*About this exercise*.
Leaving out any pictures, print the entries that follow exactly as they stand.

--- Dataset records ---

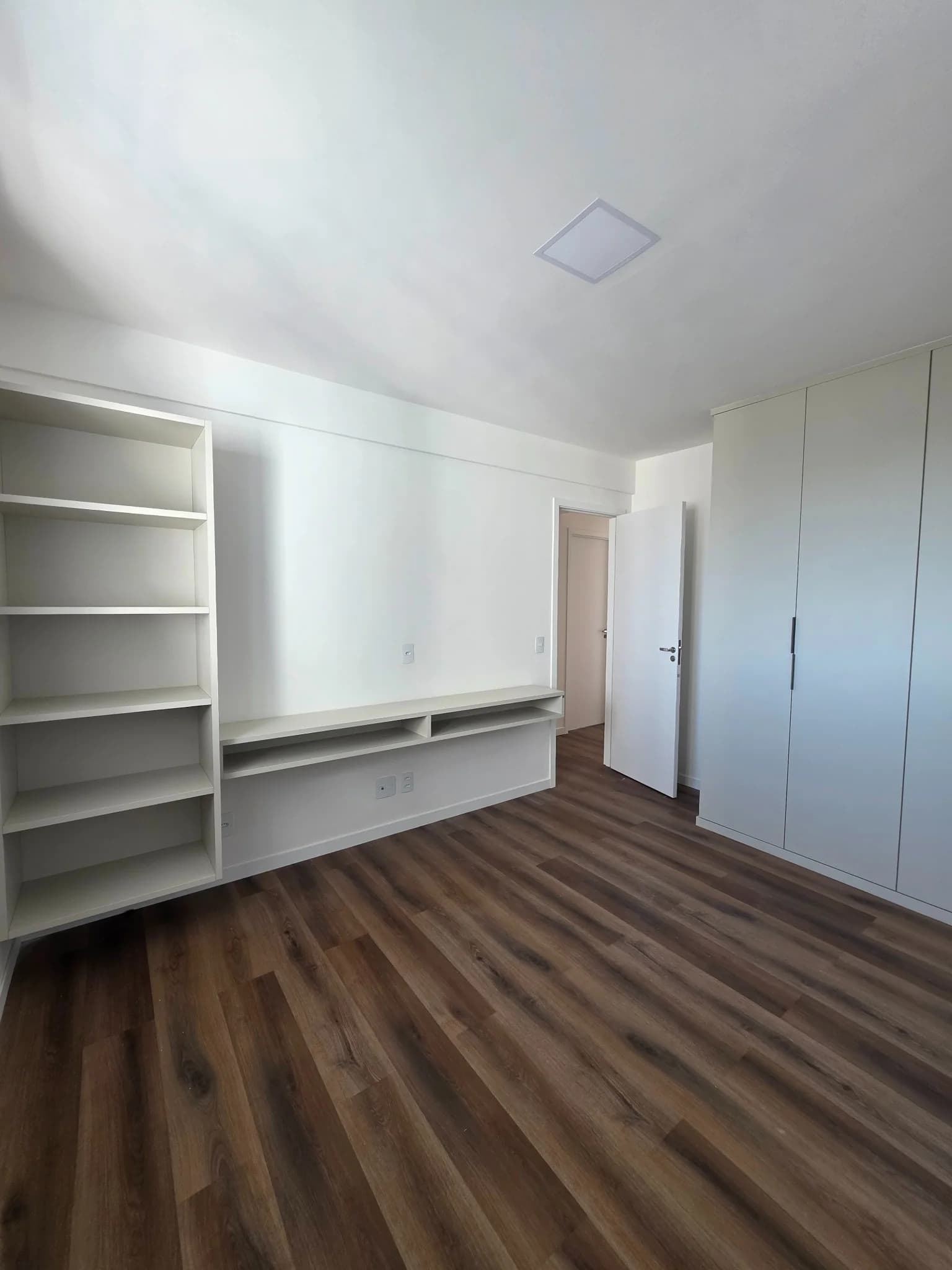 Quarto do apartamento Torre Evidence com móveis planejados e bancada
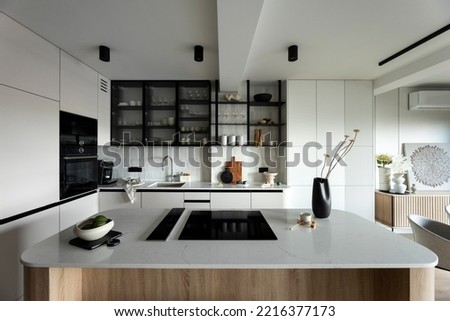 Modern composition of kitchen space with design kitchen island, grey table, black vase with flowers, furnitures and elegant personal accessories. Stylish home decor. Template. 
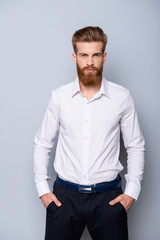 Portrait of serious confident  bearded man in formalwear holding hands in pockets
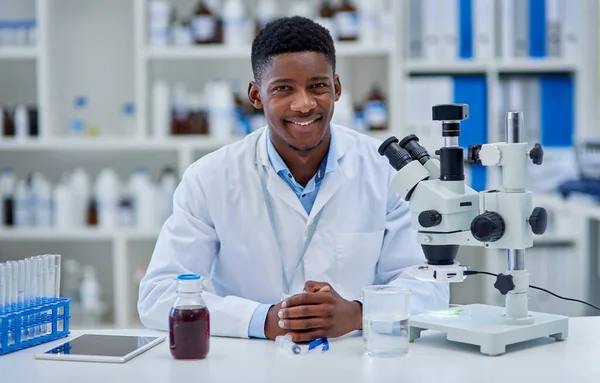 Es war ein langer produktiver Tag. Porträt eines fröhlichen jungen Wissenschaftlers, der tagsüber an seinem Schreibtisch in einem Labor steht. — Stockfoto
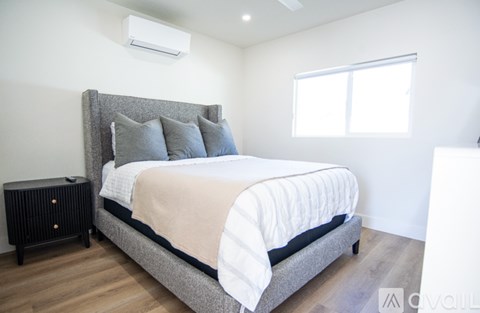 A bedroom with a large bed and a small black table.
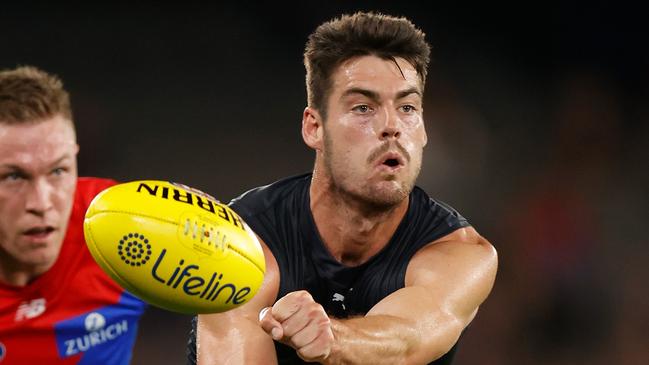 MELBOURNE, AUSTRALIA - MARCH 03: George Hewett of the Blues is chased by Tom McDonald of the Demons during the 2022 AFL Community Series match between the Carlton Blues and the Melbourne Demons at Marvel Stadium on March 3, 2022 In Melbourne, Australia. (Photo by Michael Willson/AFL Photos via Getty Images)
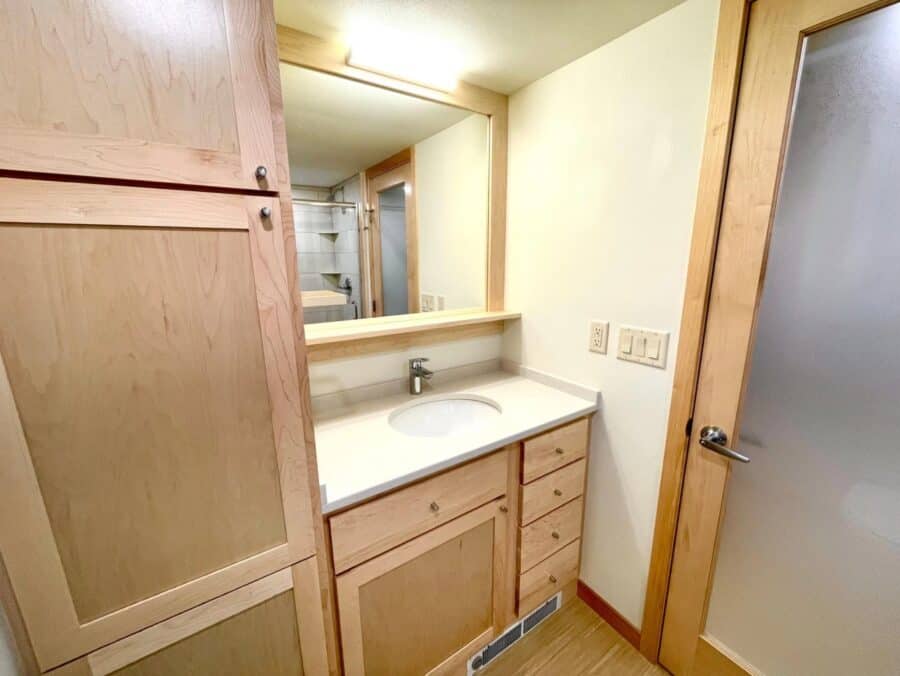 Compact bathroom in a tiny house featuring wooden cabinetry and a large mirror.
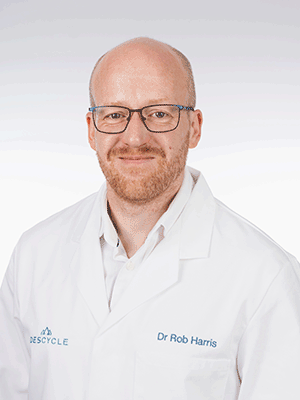 a bald white man with glasses and reddish facial hair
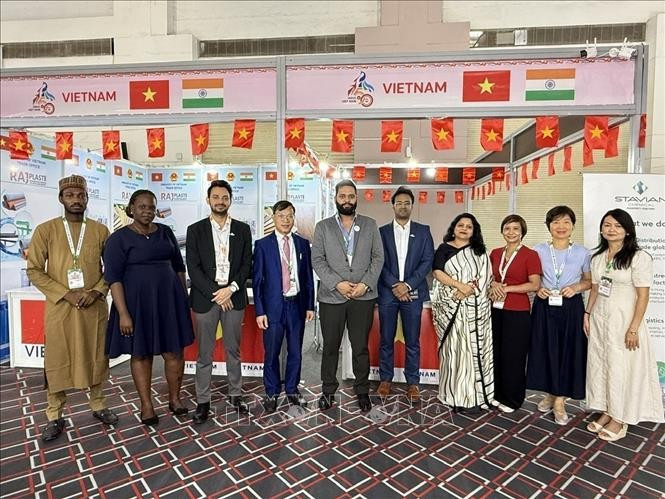 Le conseiller commercial Bùi Trung Thuong (4e de gauche à droite) et des invités nationaux et étrangers visitant le stand. Photo: VNA
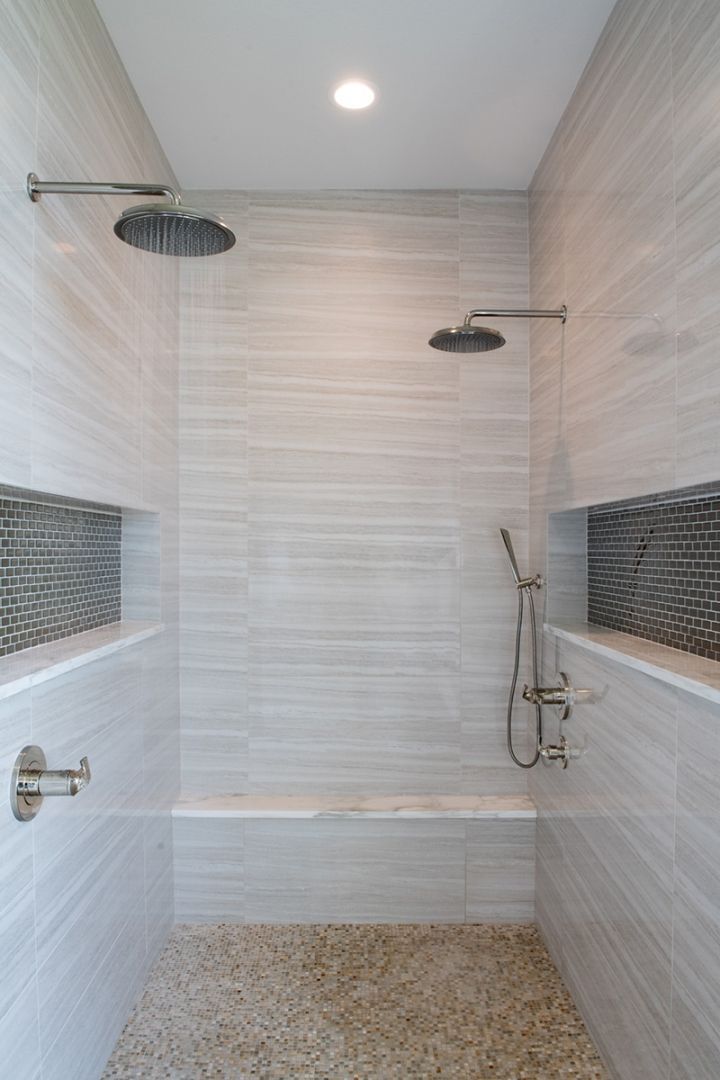 Modern shower with stone floor, two shower heads, bench, and tiled walls.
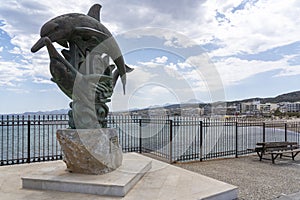 The city of Rethimno owes its name to this statue with the two dolphins, Crete, Greece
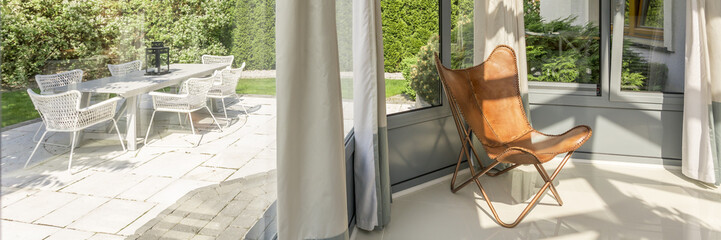 Orangery with a leather butterfly chair and view on the garden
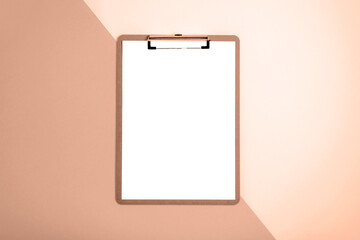 Clipboard with blank paper on brown and beige background. Top view, flat lay, mockup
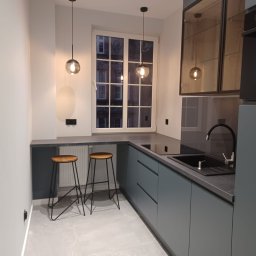 Comfort LOGISTYK twój dom Krzysztof Funk - Nowoczesna kuchnia w odcieniach szarości z dwoma hokerami przy blacie, oświetlona wiszącymi lampami kulami, z widokiem na kamienicę za oknem.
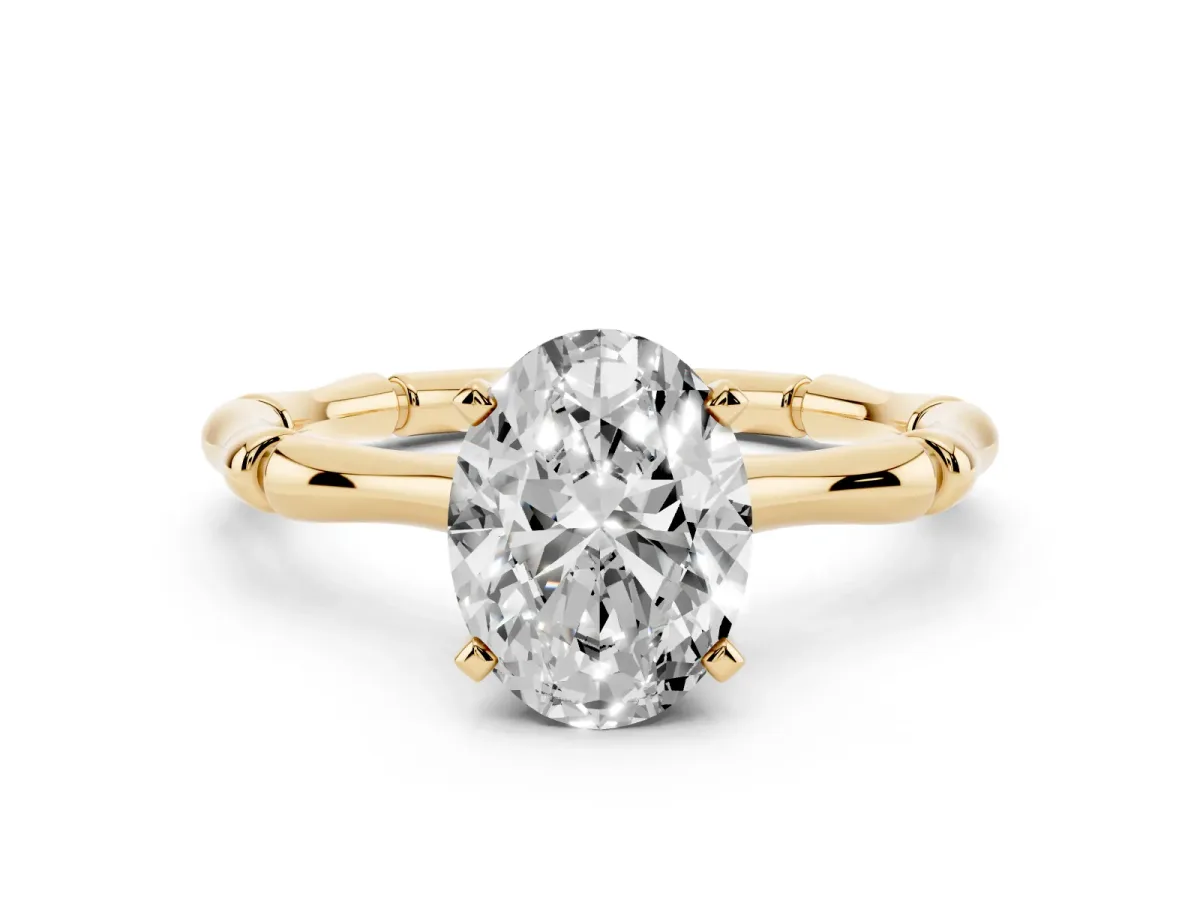 Oval Cut Solitaire Diamond Ring with Bamboo Band and Four-Prong Setting Yellow gold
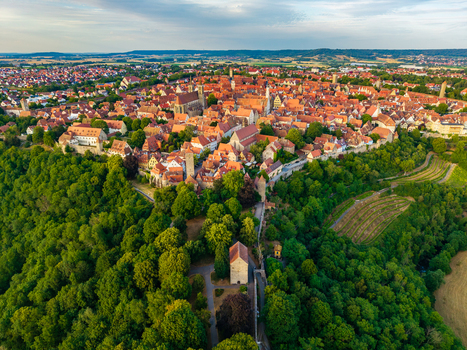 Aerial view of Rothenburg ob der Tauber featuring its historic medieval architecture red tiled rooftops and surrounding lush green forests in Rothenburg ob der Tauber Bavaria Germany. Aerial view of Rothenburg ob der Tauber featuring its historic medieval architecture red tiled rooftops and surrounding lush green forests in Rothenburg ob der Tauber Bavaria Germany.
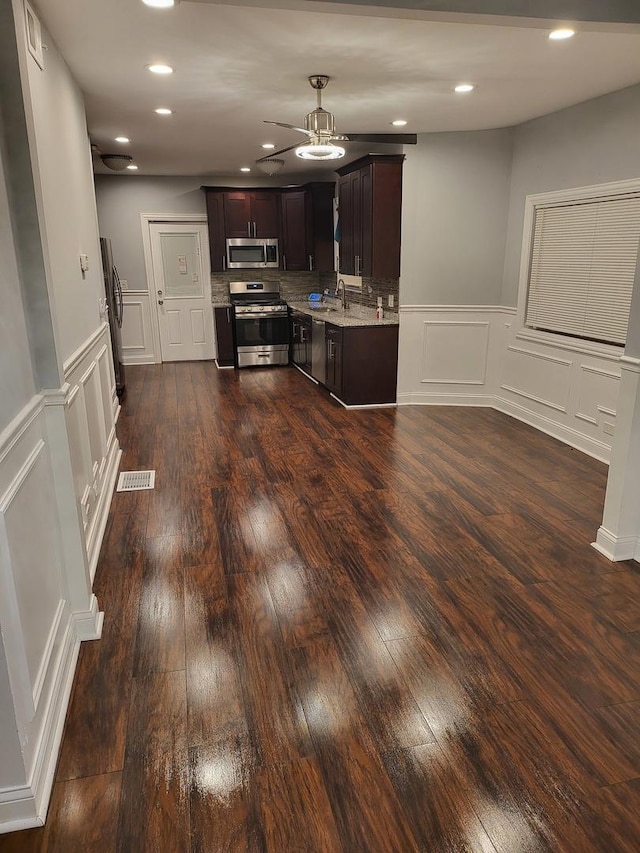 kitchen featuring decorative backsplash, dark hardwood / wood-style flooring, dark brown cabinetry, and appliances with stainless steel finishes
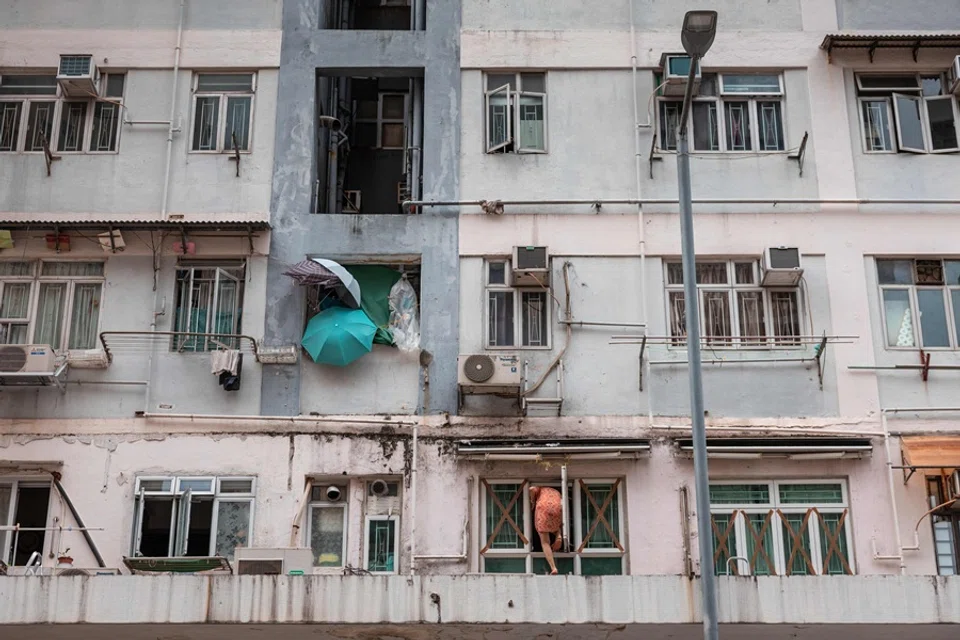 A woman (bottom C) climbs back into her apartment after taping the windows as Super Typhoon Ragasa moved towards Hong Kong on 23 September 2025. (Dale De La Rey/AFP)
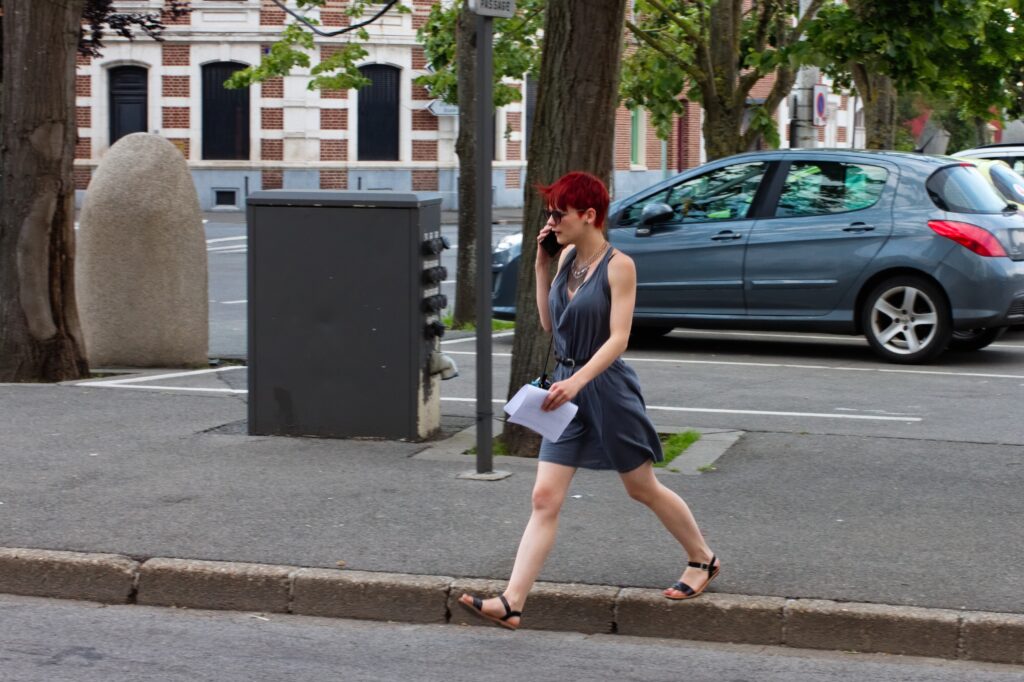Jeune femme rousse en robe qui marche d’un pas vif, des documents à la main et le téléphone à l’oreille. En arrière une place avec une voiture garée et des arbres.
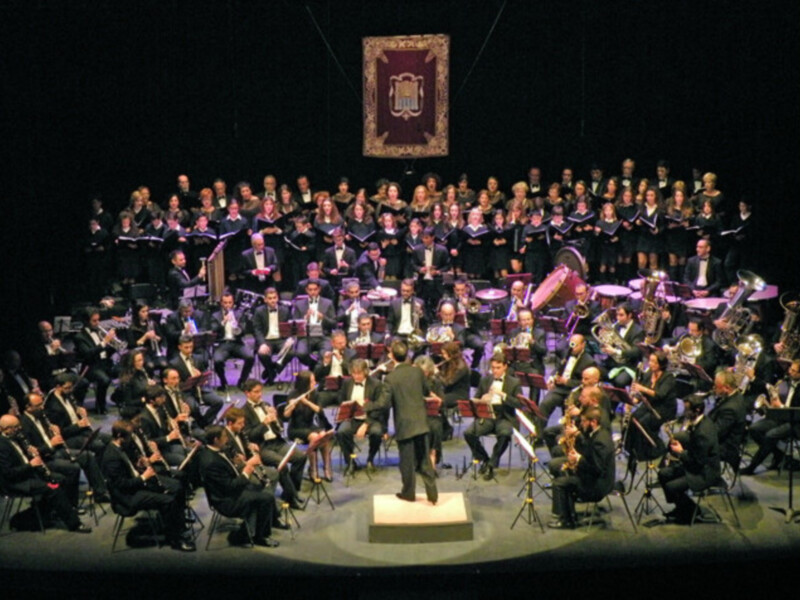 Orquesta y coro en escenario durante un concierto formal.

---

*Problem solution*.
 Quarto do apartamento Torre Evidence com móveis planejados e bancada
 Modern composition of kitchen space with design kitchen island, grey table, black vase with flowers, furnitures and elegant personal accessories. Stylish home decor. Template. 
 Portrait of serious confident  bearded man in formalwear holding hands in pockets
 Es war ein langer produktiver Tag. Porträt eines fröhlichen jungen Wissenschaftlers, der tagsüber an seinem Schreibtisch in einem Labor steht. — Stockfoto
 A bedroom with a large bed and a small black table.
 MELBOURNE, AUSTRALIA - MARCH 03: George Hewett of the Blues is chased by Tom McDonald of the Demons during the 2022 AFL Community Series match between the Carlton Blues and the Melbourne Demons at Marvel Stadium on March 3, 2022 In Melbourne, Australia. (Photo by Michael Willson/AFL Photos via Getty Images)
 Compact bathroom in a tiny house featuring wooden cabinetry and a large mirror.
 a bald white man with glasses and reddish facial hair
 Le conseiller commercial Bùi Trung Thuong (4e de gauche à droite) et des invités nationaux et étrangers visitant le stand. Photo: VNA
 Modern shower with stone floor, two shower heads, bench, and tiled walls.
 The city of Rethimno owes its name to this statue with the two dolphins, Crete, Greece
 Orangery with a leather butterfly chair and view on the garden
 Clipboard with blank paper on brown and beige background. Top view, flat lay, mockup
 Comfort LOGISTYK twój dom Krzysztof Funk - Nowoczesna kuchnia w odcieniach szarości z dwoma hokerami przy blacie, oświetlona wiszącymi lampami kulami, z widokiem na kamienicę za oknem.
 Oval Cut Solitaire Diamond Ring with Bamboo Band and Four-Prong Setting Yellow gold
 Aerial view of Rothenburg ob der Tauber featuring its historic medieval architecture red tiled rooftops and surrounding lush green forests in Rothenburg ob der Tauber Bavaria Germany. Aerial view of Rothenburg ob der Tauber featuring its historic medieval architecture red tiled rooftops and surrounding lush green forests in Rothenburg ob der Tauber Bavaria Germany.
 kitchen featuring decorative backsplash, dark hardwood / wood-style flooring, dark brown cabinetry, and appliances with stainless steel finishes
 A woman (bottom C) climbs back into her apartment after taping the windows as Super Typhoon Ragasa moved towards Hong Kong on 23 September 2025. (Dale De La Rey/AFP)
Jeune femme rousse en robe qui marche d’un pas vif, des documents à la main et le téléphone à l’oreille. En arrière une place avec une voiture garée et des arbres.
 Orquesta y coro en escenario durante un concierto formal.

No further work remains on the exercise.